Nearly two weeks ago, on the 16th of December, the Japanese government and Tokyo Electric Power Company announced that cold shutdown had been achieved for all three troubled reactors at the troubled Fukushima nuclear power plant.
Cold shutdown is a technical term referring to a situation where the core temperature of the reactor is less than 100 degrees Celsius, below the boiling point of water; there is no possibility of recriticality; and radiation being emitted from the plant is less than 1 millisievert a year. These conditions have been achieved at Fukushima. The plant is now officially in a stable condition.
Predictably enough, the achievement of cold shutdown at Fukushima has not inspired much celebration by the public and by the media. Nor have reports on 'the crisis in Fukushima' dried up. On the contrary, there continue to be many dramatic reports of decontamination problems, lingering hotspots, and the difficulties of 'unfortunate families' who cannot let their children out to play in the snow in Fukushima. And the anti-nuclear press, in Japan and overseas, seems to have taken the cold shutdown as a personal affront, seemingly offended at the assertion that any progress can be made on such a 'disaster'.
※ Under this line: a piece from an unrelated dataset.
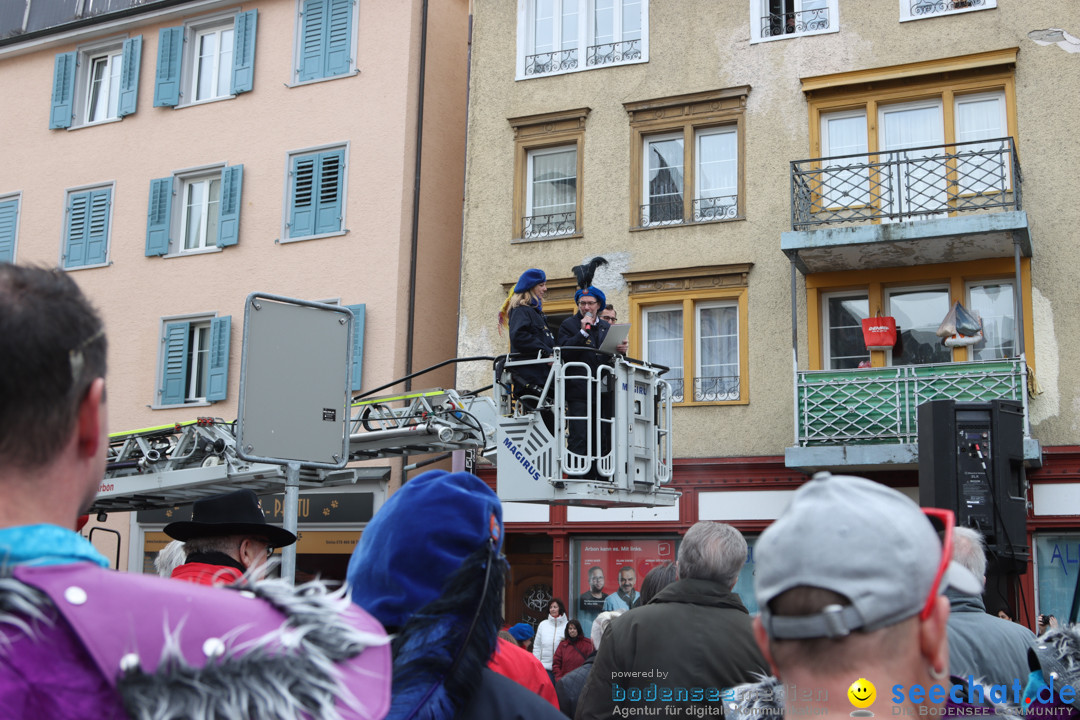 Fasnacht 2023 - Stadthaus Stuermung: Arbon, 23.02.2023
Consider the editorial of the Mainichi Daily News this week. It is titled Gov't starring in its own show to bring nuclear crisis 'under control.' While it is grudgingly admitted that the conditions for cold shutdown have been fulfilled, the editorial claims that TEPCO has changed these conditions according to whim. Yet this cannot be the case, because the concept of 'cold shutdown' is a technical one that predates the Fukushima accident. For example, see the definition as provided by Wikipedia. The article also desperately asserts that the announcement is inappropriate because the temperature gauges in the reactor vessels have an error margin of up to 20 degrees; yet according to the Japan Times the temperatures in the three reactors are 38.9, 67.5, and 57.4 degrees, well below 100 degrees. The truth is that the announcement is in fact very conservative; all three reactors have almost certainly been stable, with declining temperatures, for weeks or even months.
One paragraph of the editorial is worth quoting:
The latest announcement that the goals of the road map have been achieved is merely the result of officials lowering their own hurdles. It reminds me of the time during World War II when the Imperial Japanese Army headquarters called the Japanese army's retreat a "shift in position."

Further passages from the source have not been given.